Assignment
Beneath this task are records; print exactly the stretch of them from the line with "Foora Multipurpose Steel" through the line with "Andrea & Leo", both ends included.
BEGIN Supplied material
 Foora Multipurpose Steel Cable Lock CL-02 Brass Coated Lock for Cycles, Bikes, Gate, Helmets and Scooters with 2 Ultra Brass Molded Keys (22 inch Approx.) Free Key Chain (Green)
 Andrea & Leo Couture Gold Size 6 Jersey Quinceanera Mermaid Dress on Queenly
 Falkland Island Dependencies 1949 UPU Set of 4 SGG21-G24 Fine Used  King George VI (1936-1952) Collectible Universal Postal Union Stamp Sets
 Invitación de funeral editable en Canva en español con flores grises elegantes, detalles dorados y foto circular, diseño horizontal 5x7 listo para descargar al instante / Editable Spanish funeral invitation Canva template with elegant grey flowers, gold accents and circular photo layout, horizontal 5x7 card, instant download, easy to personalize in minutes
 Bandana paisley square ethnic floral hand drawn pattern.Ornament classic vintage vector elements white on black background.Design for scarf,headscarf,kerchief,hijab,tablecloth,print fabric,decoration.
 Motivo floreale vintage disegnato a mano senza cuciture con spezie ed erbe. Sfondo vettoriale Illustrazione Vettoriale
END Supplied material
BEGIN Supplied material
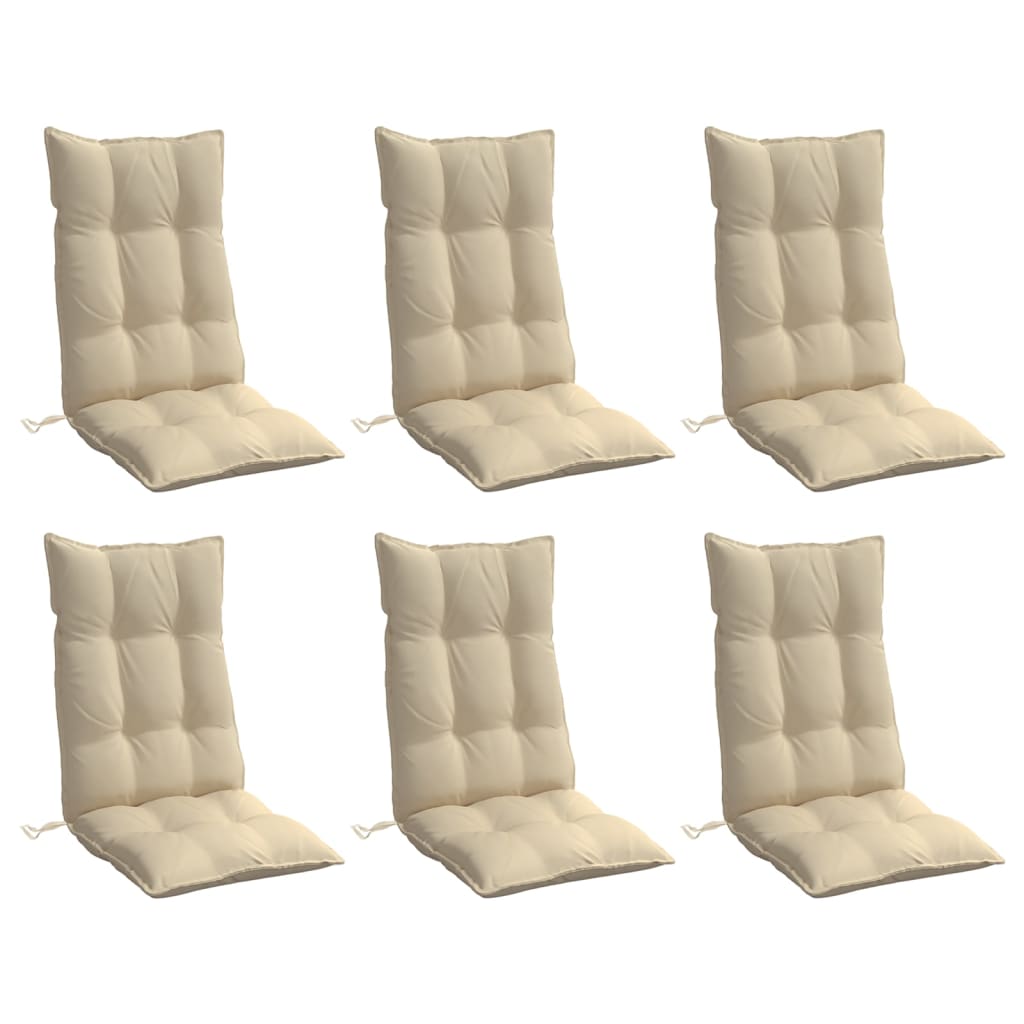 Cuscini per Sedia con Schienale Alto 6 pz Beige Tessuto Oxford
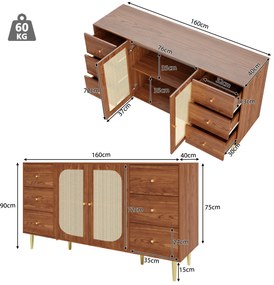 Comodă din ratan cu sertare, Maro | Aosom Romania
END Supplied material
Exercise solution
 Foora Multipurpose Steel Cable Lock CL-02 Brass Coated Lock for Cycles, Bikes, Gate, Helmets and Scooters with 2 Ultra Brass Molded Keys (22 inch Approx.) Free Key Chain (Green)
 Andrea & Leo Couture Gold Size 6 Jersey Quinceanera Mermaid Dress on Queenly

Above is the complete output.